Through this University, Connecticut continues to issue a call and a challenge
for our nation to live up to the high aspiration for human rights articulated in
our country’s charter documents.
I am enormously impressed with the depth and breath of the University’s commitment
to human rights: The Human Rights Institute, the Dodd Research Center, the
Gladstein and UNESCO chairs in human rights, an undergraduate minor, an active outreach
program to public schools, a robust research agenda, and conferences drawing world
leaders.
I am pleased to see that human rights study runs across schools, departments,
and disciplines; that it embraces both civil and political as well as economic
and social rights; that it puts U.S. rights issues in comparative perspective;
and that it examines fundamental and structural dimensions of human rights abuses.
The University of Connecticut stands tall among universities around the world
as a beacon for scholarship, teaching, and principled action in the human rights
field.
Fired by the honorable tradition of this State and the inspiration of this University,
we must join together to fulfill our obligation for leadership in protecting human
security, individual dignity, and opportunity for all.
It is natural at this joyous moment to be thinking about the professional challenges
ahead, opened and expanded by your studies here and the degrees you are receiving
today. But you may also be reflecting on how to fashion a balanced life – career,
family, personal avocations, and civic engagement.
I can bear witness to the importance of volunteer service and engagement in
issues advocacy. I feel blessed to have had interesting and challenging
jobs, but my deepest satisfaction has come from my 20-year involvement with Human
Rights Watch.
HRW works in 70 countries around the world bringing to light human rights abuses
from Rwanda and Sierra Leone to Iraq and Egypt; from North Korea and China to Columbia
and Cuba. It also attends to America’s own shortcomings: appalling
prison conditions; indefinite detentions and abusive practices at U.S.-run facilities
in Guantanamo Bay and Iraq; the “extraordinary rendition” of terrorism
suspects to countries where torture is common.
Human Rights Watch is emblematic of civil society’s growing importance over
the past fifty years. By “civil society,” I mean non-governmental
groups that do careful research and monitoring to expose problems, propose specific
remedies rooted in law and reality, and pioneer models of direct service.
Amnesty International, Physicians for Human Rights, CARE, Doctors Without Borders,
Save the Children – the honor role is wide and deep. These global
groups support and draw strength from a burgeoning number of local civil society
organizations the Moscow Helsinki Group, Mexico’s Sin Fronteras, Nigeria’s
Access to Justice.
All over the world, people like you and me are joining together to influence
governments and confront problems, from the environment to AIDS to human rights
violations, directly through the power of civil society.
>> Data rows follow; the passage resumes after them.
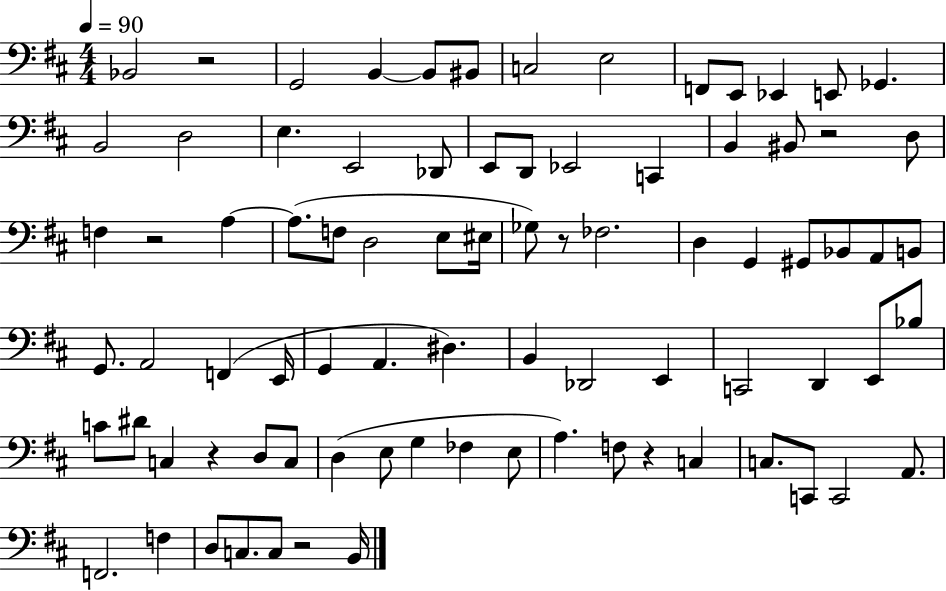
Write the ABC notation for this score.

X:1
T:Untitled
M:4/4
L:1/4
K:D
_B,,2 z2 G,,2 B,, B,,/2 ^B,,/2 C,2 E,2 F,,/2 E,,/2 _E,, E,,/2 _G,, B,,2 D,2 E, E,,2 _D,,/2 E,,/2 D,,/2 _E,,2 C,, B,, ^B,,/2 z2 D,/2 F, z2 A, A,/2 F,/2 D,2 E,/2 ^E,/4 _G,/2 z/2 _F,2 D, G,, ^G,,/2 _B,,/2 A,,/2 B,,/2 G,,/2 A,,2 F,, E,,/4 G,, A,, ^D, B,, _D,,2 E,, C,,2 D,, E,,/2 _B,/2 C/2 ^D/2 C, z D,/2 C,/2 D, E,/2 G, _F, E,/2 A, F,/2 z C, C,/2 C,,/2 C,,2 A,,/2 F,,2 F, D,/2 C,/2 C,/2 z2 B,,/4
These groups play an indispensable role in the policy process and at the same
time advance the prospects of creating and sustaining healthy democracies around
the world. They give voice to ordinary citizens, check governmental excesses,
fill in service gaps, and prod international agencies to establish norms that express
humankind’s highest aspirations for justice and fairness.
And so here is my bottom-line message to you: Get involved – you can
make a difference. Financial contributions are important and absolutely essential,
but they are only the beginning. Time, expertise, emotional commitment: that’s
where the real action is. Opportunities abound whether you live in Fairfield
or Chicago, New Dehli or Nairobi, in Moscow or Madrid, in Cairo or Caracas.
What we do as volunteers matters, but so does the exercise of our political
influence. In my concluding minutes, I want to talk about one issue that
needs your attention: the new International Criminal Court that came into existence
in 2002.
The architecture for the worldwide protection of human rights is pretty much
in place: agreements like the Universal Declaration of Human Rights, the International
Covenant on Civil and Political Rights, and the Convention Against Torture give
a basis for robust action.
The challenge ahead is enforcement of these rights and punishment for those
who violate them. A vibrant system of international justice is emerging,
with the new International Criminal Court at its center.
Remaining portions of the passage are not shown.